***** INFORMATION GIVEN

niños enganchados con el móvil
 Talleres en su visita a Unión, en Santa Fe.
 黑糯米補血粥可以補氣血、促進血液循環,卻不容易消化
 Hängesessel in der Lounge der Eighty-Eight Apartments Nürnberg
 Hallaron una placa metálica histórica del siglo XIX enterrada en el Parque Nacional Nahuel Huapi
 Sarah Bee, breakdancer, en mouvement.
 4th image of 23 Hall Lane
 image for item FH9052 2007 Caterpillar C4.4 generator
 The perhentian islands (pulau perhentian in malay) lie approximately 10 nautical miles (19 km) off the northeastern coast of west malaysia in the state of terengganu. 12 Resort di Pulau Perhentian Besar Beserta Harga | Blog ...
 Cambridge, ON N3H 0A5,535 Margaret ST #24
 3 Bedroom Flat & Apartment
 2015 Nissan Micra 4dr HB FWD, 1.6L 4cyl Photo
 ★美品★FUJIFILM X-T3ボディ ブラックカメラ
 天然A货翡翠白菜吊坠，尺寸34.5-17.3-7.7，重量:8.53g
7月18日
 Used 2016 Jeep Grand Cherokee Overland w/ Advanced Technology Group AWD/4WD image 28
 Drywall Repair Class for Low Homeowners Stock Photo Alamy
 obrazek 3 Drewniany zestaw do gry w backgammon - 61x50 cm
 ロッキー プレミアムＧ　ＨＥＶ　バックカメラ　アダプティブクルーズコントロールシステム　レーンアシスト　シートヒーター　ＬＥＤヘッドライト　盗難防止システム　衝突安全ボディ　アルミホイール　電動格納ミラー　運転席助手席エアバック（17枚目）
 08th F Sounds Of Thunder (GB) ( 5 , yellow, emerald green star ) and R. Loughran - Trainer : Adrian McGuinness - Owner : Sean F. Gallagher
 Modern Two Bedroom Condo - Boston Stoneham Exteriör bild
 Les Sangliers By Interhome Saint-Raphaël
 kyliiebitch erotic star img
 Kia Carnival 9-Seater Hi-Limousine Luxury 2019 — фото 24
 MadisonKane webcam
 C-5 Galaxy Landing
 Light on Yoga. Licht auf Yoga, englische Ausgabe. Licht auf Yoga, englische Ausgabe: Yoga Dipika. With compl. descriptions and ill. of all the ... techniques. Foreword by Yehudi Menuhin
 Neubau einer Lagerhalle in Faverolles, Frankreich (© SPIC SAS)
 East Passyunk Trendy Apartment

**********

PROBLEM TO WORK ON => Look above for the line containing "Talleres en su visita a Unión, en Santa Fe." and the line containing "08th F Sounds". Transcribe both, with the lines between them, exactly.

RESPONSE =>
 Talleres en su visita a Unión, en Santa Fe.
 黑糯米補血粥可以補氣血、促進血液循環,卻不容易消化
 Hängesessel in der Lounge der Eighty-Eight Apartments Nürnberg
 Hallaron una placa metálica histórica del siglo XIX enterrada en el Parque Nacional Nahuel Huapi
 Sarah Bee, breakdancer, en mouvement.
 4th image of 23 Hall Lane
 image for item FH9052 2007 Caterpillar C4.4 generator
 The perhentian islands (pulau perhentian in malay) lie approximately 10 nautical miles (19 km) off the northeastern coast of west malaysia in the state of terengganu. 12 Resort di Pulau Perhentian Besar Beserta Harga | Blog ...
 Cambridge, ON N3H 0A5,535 Margaret ST #24
 3 Bedroom Flat & Apartment
 2015 Nissan Micra 4dr HB FWD, 1.6L 4cyl Photo
 ★美品★FUJIFILM X-T3ボディ ブラックカメラ
 天然A货翡翠白菜吊坠，尺寸34.5-17.3-7.7，重量:8.53g
7月18日
 Used 2016 Jeep Grand Cherokee Overland w/ Advanced Technology Group AWD/4WD image 28
 Drywall Repair Class for Low Homeowners Stock Photo Alamy
 obrazek 3 Drewniany zestaw do gry w backgammon - 61x50 cm
 ロッキー プレミアムＧ　ＨＥＶ　バックカメラ　アダプティブクルーズコントロールシステム　レーンアシスト　シートヒーター　ＬＥＤヘッドライト　盗難防止システム　衝突安全ボディ　アルミホイール　電動格納ミラー　運転席助手席エアバック（17枚目）
 08th F Sounds Of Thunder (GB) ( 5 , yellow, emerald green star ) and R. Loughran - Trainer : Adrian McGuinness - Owner : Sean F. Gallagher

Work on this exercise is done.